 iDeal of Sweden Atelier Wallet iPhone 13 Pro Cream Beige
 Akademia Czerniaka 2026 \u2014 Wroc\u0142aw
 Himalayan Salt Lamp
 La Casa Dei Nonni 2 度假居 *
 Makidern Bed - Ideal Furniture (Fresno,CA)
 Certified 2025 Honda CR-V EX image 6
-=-=-=-=-
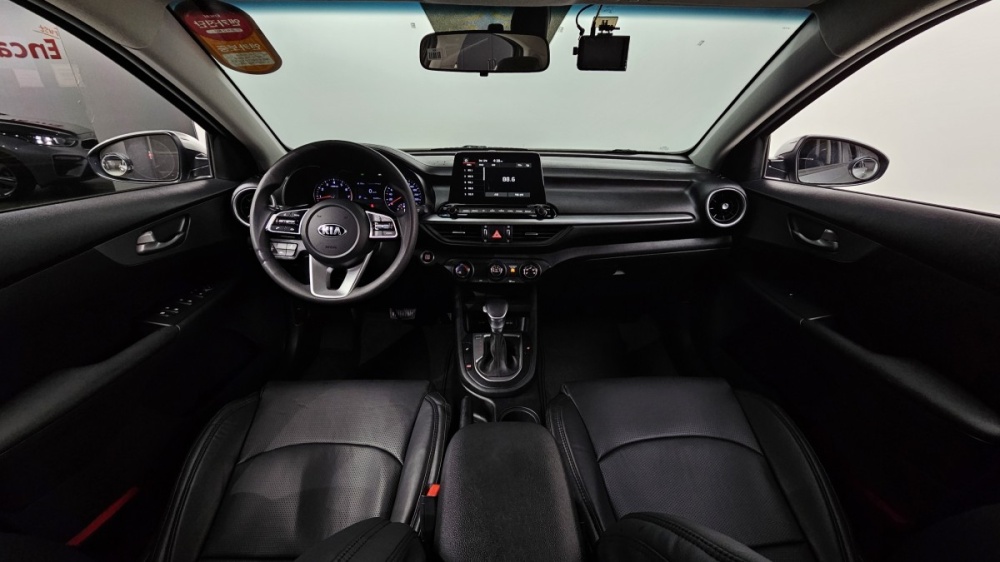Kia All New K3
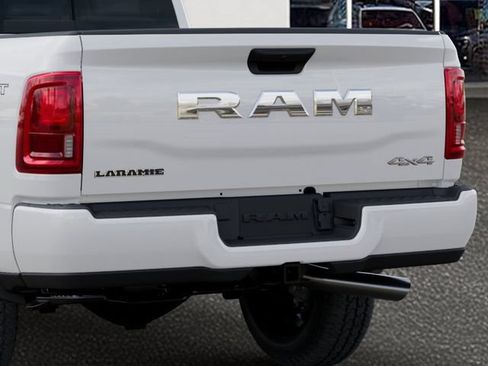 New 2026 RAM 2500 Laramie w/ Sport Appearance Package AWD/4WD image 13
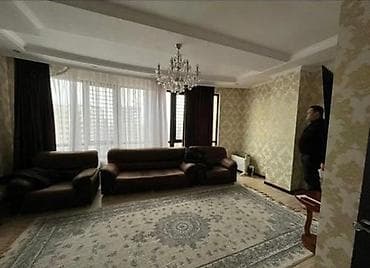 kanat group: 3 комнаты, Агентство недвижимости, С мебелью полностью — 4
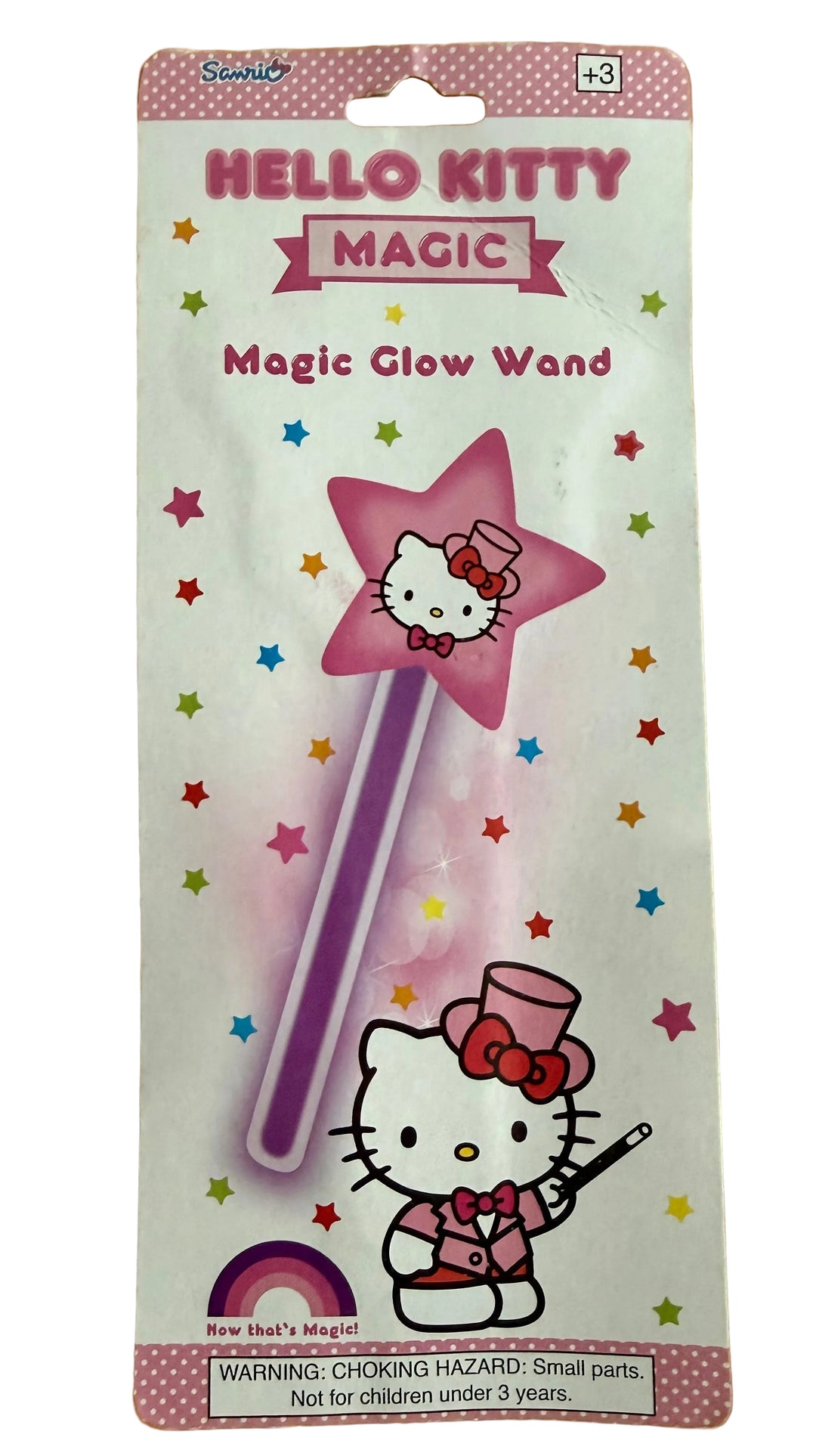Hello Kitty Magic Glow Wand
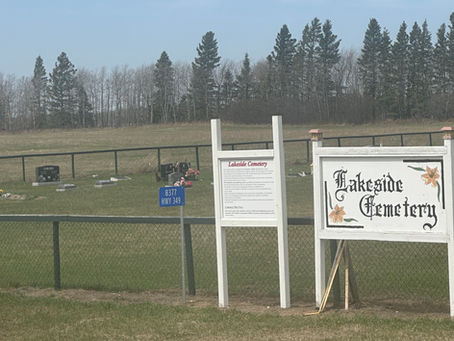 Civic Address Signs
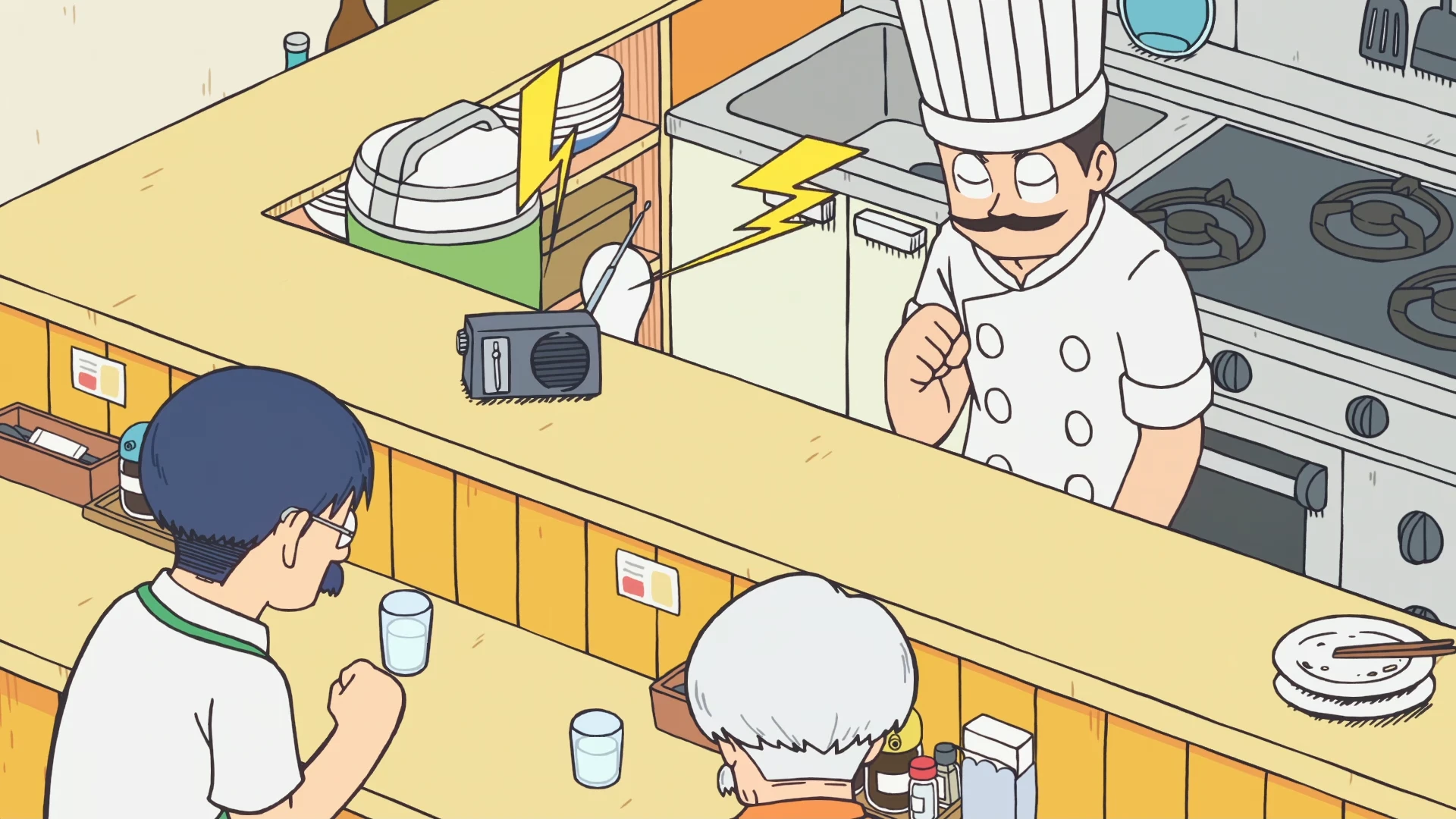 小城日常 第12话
-=-=-=-=-
Your instructions ▸ In the records above, find the line with "La Casa Dei Nonni 2 度假居 *"; write out exactly that line and each one after it, stopping after the line with "Certified 2025 Honda CR-V EX image 6".

Written solution ▸
 La Casa Dei Nonni 2 度假居 *
 Makidern Bed - Ideal Furniture (Fresno,CA)
 Certified 2025 Honda CR-V EX image 6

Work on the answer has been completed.